Wednesday, December 7, 2011

One Big Mac & Fries... that'll be .001 oz of gold please

Ok, I don't think Mr Clark means this literally

by Jeff Clark of Casey Research

Start Thinking in Terms of Gold Price
A young woman – let's call her Andrea – inherited some money from her father in late 1997. She was only nineteen at the time. Not knowing the first thing about investing, she kept the money in stocks and bonds as her father had, wanting to hold on to it until she really needed it. She played it "safe."
She got married last year and so began to withdraw the money. She was pleased to see a chart from the broker that showed her portfolio was up about 20%. While admittedly not a great return over 12 years, her account had nevertheless survived both the 2000 tech crash and the 2008 market meltdown. She knew not all investors could not say the same thing.
Andrea began spending the money, thankful that she'd saved the money to start a family. But a cruel reality slowly began to set in: the money didn't seem to be going very far. She couldn't quite put her finger on why, but it all clicked when she saw the lofty price of a new SUV she wanted. She remembered her Dad's favorite vehicle back in the day – a Ford Ranger pickup – and recalled him boasting that he paid only $8,500 for it in 1992. A comparable vehicle today costs more than twice as much.
It hit her like a slap in the face. While the number of dollars in her portfolio was greater than what she inherited, they bought less stuff. It was such a revelation that she actually uttered the words out loud…
"My investments didn’t keep up with inflation… I LOST money!"
Whether they realize it or not, the same thing is happening to most people's investments. Over time, real returns are diluted because of inflation.
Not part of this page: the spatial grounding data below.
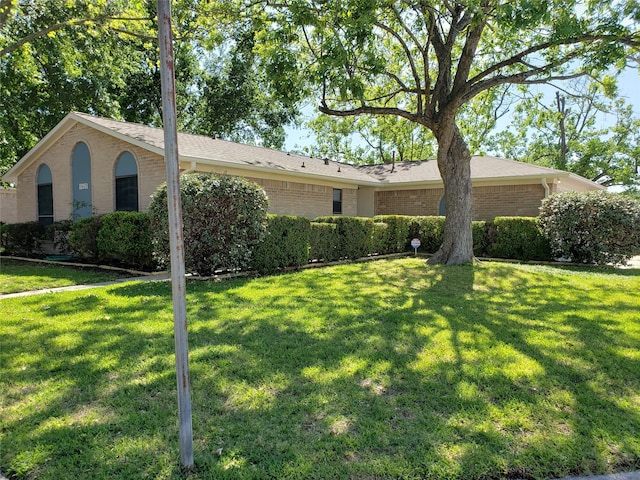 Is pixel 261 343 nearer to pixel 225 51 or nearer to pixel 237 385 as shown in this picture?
pixel 237 385

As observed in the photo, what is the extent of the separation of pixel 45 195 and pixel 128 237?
739cm

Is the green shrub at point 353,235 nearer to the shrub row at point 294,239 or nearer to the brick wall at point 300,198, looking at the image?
the shrub row at point 294,239

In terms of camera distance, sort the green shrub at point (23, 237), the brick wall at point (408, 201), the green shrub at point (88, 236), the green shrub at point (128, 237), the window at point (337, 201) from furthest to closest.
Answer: the brick wall at point (408, 201) < the window at point (337, 201) < the green shrub at point (23, 237) < the green shrub at point (88, 236) < the green shrub at point (128, 237)

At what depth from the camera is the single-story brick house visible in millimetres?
12258

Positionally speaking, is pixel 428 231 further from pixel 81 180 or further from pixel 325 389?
pixel 325 389

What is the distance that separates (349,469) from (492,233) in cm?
1289

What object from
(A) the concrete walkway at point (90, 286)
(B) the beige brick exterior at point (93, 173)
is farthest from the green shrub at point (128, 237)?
(B) the beige brick exterior at point (93, 173)

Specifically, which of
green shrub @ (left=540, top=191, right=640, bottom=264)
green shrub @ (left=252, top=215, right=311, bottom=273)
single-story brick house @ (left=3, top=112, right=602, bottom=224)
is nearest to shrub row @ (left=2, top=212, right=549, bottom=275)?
green shrub @ (left=252, top=215, right=311, bottom=273)

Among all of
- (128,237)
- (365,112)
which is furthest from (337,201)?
(128,237)

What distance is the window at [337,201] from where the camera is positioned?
17750 millimetres

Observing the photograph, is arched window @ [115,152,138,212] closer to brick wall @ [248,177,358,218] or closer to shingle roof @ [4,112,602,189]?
shingle roof @ [4,112,602,189]

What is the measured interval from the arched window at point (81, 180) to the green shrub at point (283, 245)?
23.8ft

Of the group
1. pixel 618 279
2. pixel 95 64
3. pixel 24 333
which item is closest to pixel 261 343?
pixel 24 333

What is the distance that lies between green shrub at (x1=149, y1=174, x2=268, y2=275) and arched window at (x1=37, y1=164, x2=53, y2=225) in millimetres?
8342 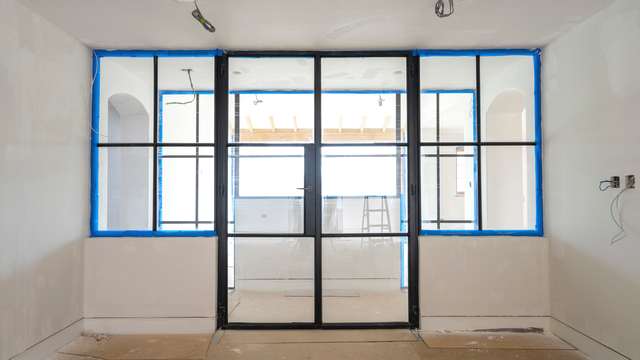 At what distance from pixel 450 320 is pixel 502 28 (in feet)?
8.03

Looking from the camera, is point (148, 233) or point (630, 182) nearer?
point (630, 182)

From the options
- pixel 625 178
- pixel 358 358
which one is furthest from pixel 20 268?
pixel 625 178

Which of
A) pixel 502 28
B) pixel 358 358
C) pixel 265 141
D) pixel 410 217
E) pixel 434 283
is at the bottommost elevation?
pixel 358 358

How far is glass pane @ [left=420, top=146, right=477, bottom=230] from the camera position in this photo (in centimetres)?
389

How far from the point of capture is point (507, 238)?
3826 mm

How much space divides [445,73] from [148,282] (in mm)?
3199

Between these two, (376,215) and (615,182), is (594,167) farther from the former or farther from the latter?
(376,215)

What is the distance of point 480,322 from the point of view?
3.80m

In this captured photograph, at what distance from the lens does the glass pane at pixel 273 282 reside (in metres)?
3.88

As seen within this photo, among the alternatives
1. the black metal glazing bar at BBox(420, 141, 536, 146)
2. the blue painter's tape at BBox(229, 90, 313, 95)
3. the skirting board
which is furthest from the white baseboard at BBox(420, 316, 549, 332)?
the blue painter's tape at BBox(229, 90, 313, 95)

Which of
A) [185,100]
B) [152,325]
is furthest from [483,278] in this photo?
[185,100]

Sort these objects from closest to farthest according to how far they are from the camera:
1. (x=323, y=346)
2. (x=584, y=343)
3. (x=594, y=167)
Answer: (x=594, y=167), (x=584, y=343), (x=323, y=346)

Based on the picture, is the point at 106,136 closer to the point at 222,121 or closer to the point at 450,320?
the point at 222,121

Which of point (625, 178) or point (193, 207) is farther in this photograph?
point (193, 207) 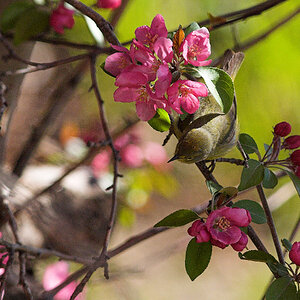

The only reliable way to measure the value of investments is in terms of a financial intermediary that cannot be inflated: gold. That way, investors can tell how they're doing in real terms.
...
The answer is simple: save in gold. The dollars you keep in a money-market account will steadily lose value year after year. In fact, monies deposited into a simple savings account in 2000 have lost an incredible 25% of their purchasing power since then. Conversely, if those savings were denominated in gold, the wealth would have not only been preserved but increased. We believe this trend will continue – and accelerate. It will become increasingly important to your financial future that you cash in earnings from time to time and save them in precious metals – not in dollars, euros, yen, yuan, or even Swiss francs.